A rotina operacional das equipes de manutenção é a mesma desde sempre, ou seja, as turmas saem de manhã cedo para executarem serviços nas estações de bombeamento e tratamento do DMAE, e começam a retornar para a DVM depois das onze horas para o almoço e bicar um mate. Assemelha-se à rotina dos gaudérios que saiam a cavalo para as lidas do campo e voltavam para matear no galpão à espera da boia. Assim, tradicionalmente o pessoal que trabalha internamente, especialmente as chefias que distribuem os serviços para equipes de rua, preparam o chimarrão depois das onze horas e, na medida que as equipes vão retornando, novos mateadores vão se agregando à roda. Enquanto os capatazes fazem o relato dos serviços executados e das  eventuais pendências da manhã, o chimarrão vai lavando as tripas para esperar o rango da peonada.
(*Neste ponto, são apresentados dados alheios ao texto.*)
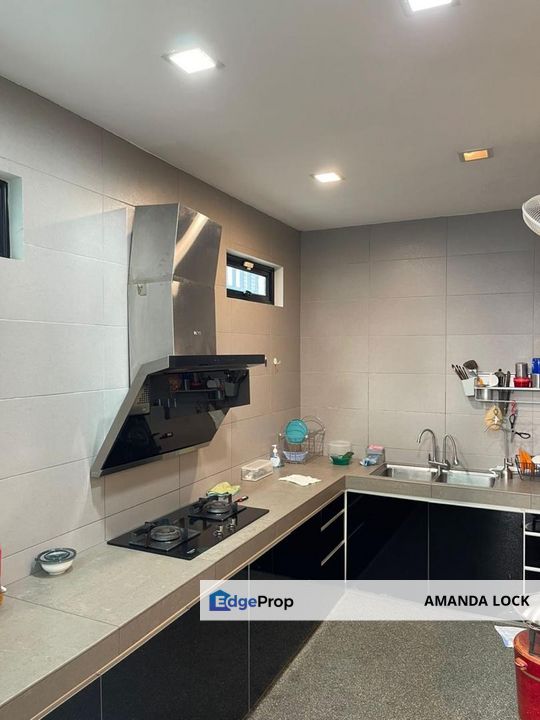 Akira @ Sierra 16 Semi D for sales fully renovated furnished spacious, Selangor, Puchong South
 Como em toda a roda de chimarrão sempre são contados causos, segue alguns causos da Roda de Chimarrão da Manutenção que são contados mais ou menos assim:
INFIDELIDADE PÓSTUMA
Após a ocorrência do caso do acidente de trabalho fatal do jovem eletricista Ubirajara Teixeira, o Bira,  relatado aqui na postagem OS MORTOS DA DVM, conforme conta o folclore interno da rádio-peão,  quando entregaram para a viúva os objetos pessoais que o falecido tinha no armário do vestiário da Manutenção, deu problemas  póstumos de infidelidade, pois no armário havia cartas de casos extra-conjugais...
CACHORRO COM SETE VIDAS
O  Ori, vulgo “Cachorro”, foi assaltado há vários anos atrás e, ao reagir, levou um tiro no abdomem a queima-roupa. Esteve literalmente com o pé-na-cova, pois os ladrões que roubaram o fusquinha dele, na fuga  passaram com o carro por cima da sua perna. Mas, que nem gato, o Cachorro se reabilitou e voltou a trabalhar. Há poucos anos atrás gastou mais uma de suas muitas vidas, desta vez num acidente de trabalho. Ocorreu que uma marreta de ferro de 5kg  caiu de uns sete metros de altura sobre sua cabeça, numa estação de bombeamento de esgoto do DMAE.  Por sorte, pois ele conta que nem viu o perigo e estava sem capacete, a marreta pegou de  “raspão” no supercílio, provocando um corte superficial e meia dúzia de pontos no HPS. Se pega de cheio, estraçalhava a cabeça do Ori e acabava com todas as vidas que ele por ventura possa ainda dispor, era game-over! Porém, com mais sorte que juízo, segue o jogo das Sete Vidas do Cachorro que não que saber de se aposentar...

O FAZENDEIRO DO MEL
O Meleiro Hugo (o Pilha Fraca), estava  pensando em se aposentar junto comigo, e já tinha o seu projeto do que fazer após a aposentadoria: se dedicar ao apiário, atividade que normalmente já lhe proporcionava duas colheitas ao ano de 600 kg de mel, nas florações de outono e primavera. Às vezes, quando a floração é muito boa, “dá sobre-caixas” (que é uma terceira colheita no verão). Para acessar os sítios desabitados onde o Hugo tem suas caixas de abelha, ele costuma ir armado de espingarda 12, e conta que fica com a arma engatilhada enquanto a mulher abre os portões e portas das instalações prediais, tendo em vista que as casas seguidamente são invadidas por vadios da região. O Hugo dizia  que estando aposentado vai cuidar melhor e dar manutenção às estruturas das colmeias que ficam distribuídas num raio de 5 km. Na época ele já tinha encomendado 15 mil mudas de eucaliptos para plantar nos sítios dos seus abelheiros, para aumentar a produtividade. Já estava também estabelecendo entrepostos de distribuição da sua produção de mel nas diversas divisões do DMAE, treinando colegas para servirem de intermediários mediante recebimento de comissões nas vendas. E ainda assim, com toda esta programação de atividades dele para após aposentadoria, ele me revelou que estava sentindo um “medinho” por estar se aproximando a data da aposentadoria, ao mesmo tempo que me interrogava  se não ocorria o mesmo comigo...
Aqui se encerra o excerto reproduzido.